Second, I had a feeling that the doors sticking up above the walls when opened would mean they'd get knocked around a lot as you moved figures around. At best they'd just get knocked shut or knocked off; at worst, they might become broken.
So, after giving it some thought I decided to just make them swappable. The frames are open at the top and have a span of material across the bottom which fits into a slot in the door section, so they don't interfere with figures. When a door is opened, you swap the closed door for an open door. This also opens up the possibility of modelling doors that look as they've been melted or blasted open for use when doors are destroyed, and welded-together doors to represent the jammed doors in the game.

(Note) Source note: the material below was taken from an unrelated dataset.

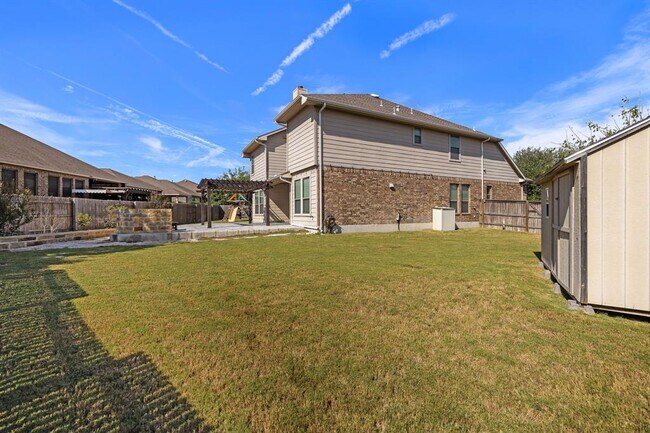 Building Photo - 2012 Santa barbara Ct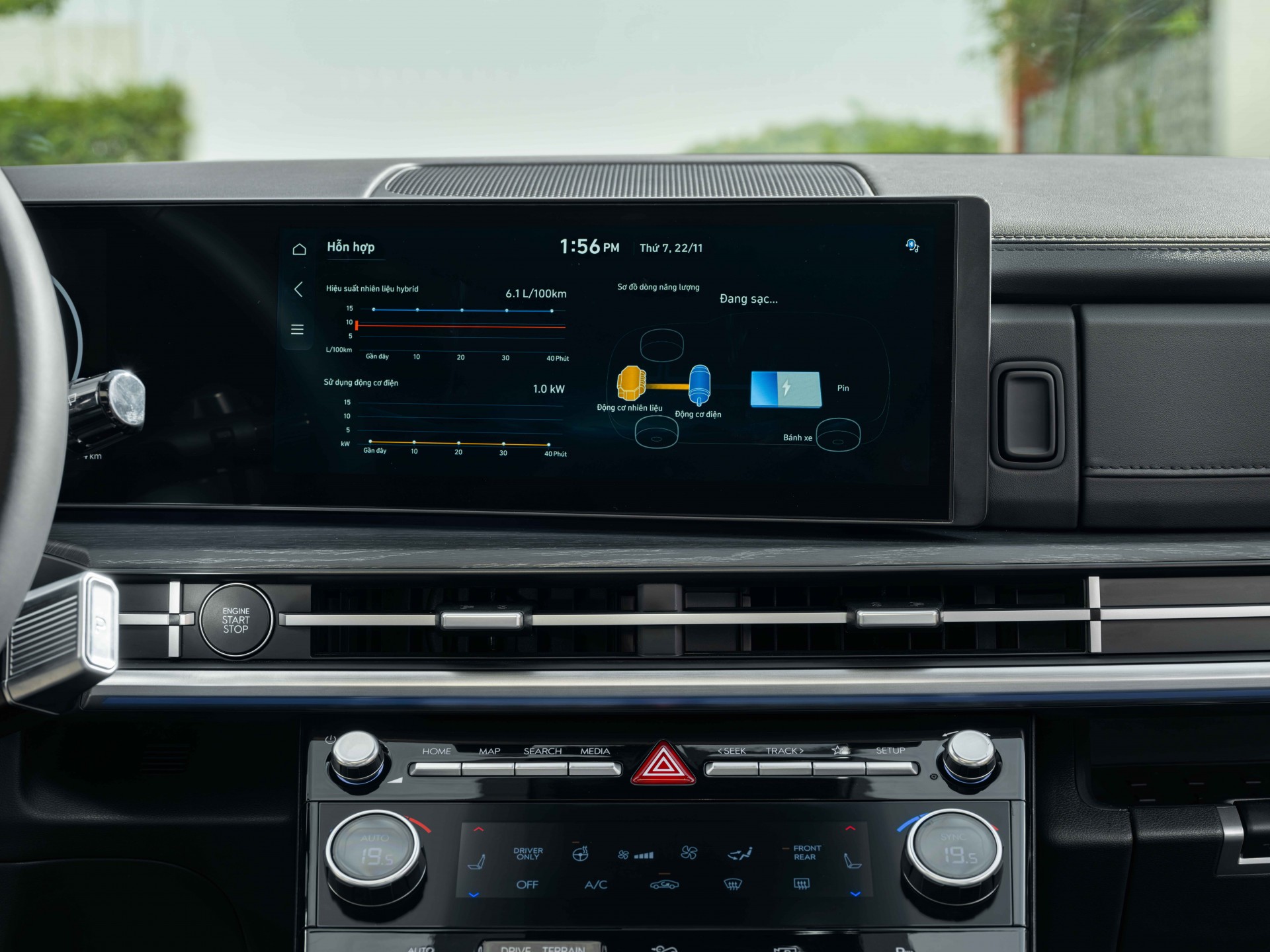 Hyundai Santa Fe Hybrid ra mắt Việt Nam, giá 1,369 tỷ đồng Hyundai Santa Fe Hybrid ra mắt Việt Nam, giá 1,369 tỷ đồng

Since they are only held on the sides in this version, they only have to be slim enough on the ends to ride in the slots, instead of across their entire length so as to fit through the frame. This is a little more fiddly than just opening or closing the door, but it's not something that gets done so often as to become annoying.
One other issue with doors is that in the game, they are little standup card doors, which can be put anywhere as the mission requires. Built in doors will limit where doors can be placed. I had to do a little figuring for that. The majority of the doors are at room entrances, so every room entrance will be built to hold a door. There are also a number of missions that include doors in hall corridors. I worked out how many sections and which types have doors, so that when I build sections, I'll be able to make any of the mission layouts. if the sections are needed for a lyout where they don't use doors the doors can just be removed. Which is another reason to have the doors be removable.
Design Issue Four: Ladders
I'm still not completely sure how I want to handle ladders. There's only one mission that uses them. In the game, they are just separate tokens you place in the squares indicated by the mission. I suppose worst case, I can just do that. My second idea is to model the ladders off to the side of the square they occupy, in the space between the square and the wall. In missions that don't use the ladders, they'd just be part of the scenery. A third idea is to build additional sections that contain the ladders, for when they're needed. But that's a lot of extra work just for one of the missions. What I'm leaning towards right now, is magnetizing the squares on some of the rooms and corridors, where the ladders would be placed. They could then be swapped for special "ladder squares" that I would make. The main problem with that is if I did want to make custom scenarios, and I wanted to use ladders, I'd be limited to where I could use them, unless I magnetized every square, which I am loathe to do I could also make a Ladder token that fits on top of any square. It'll work well for the "up" ladders, but I don't know that the down ones would look very good. Still not decided on a course of action, though I won't have to make up my mind for quite a while.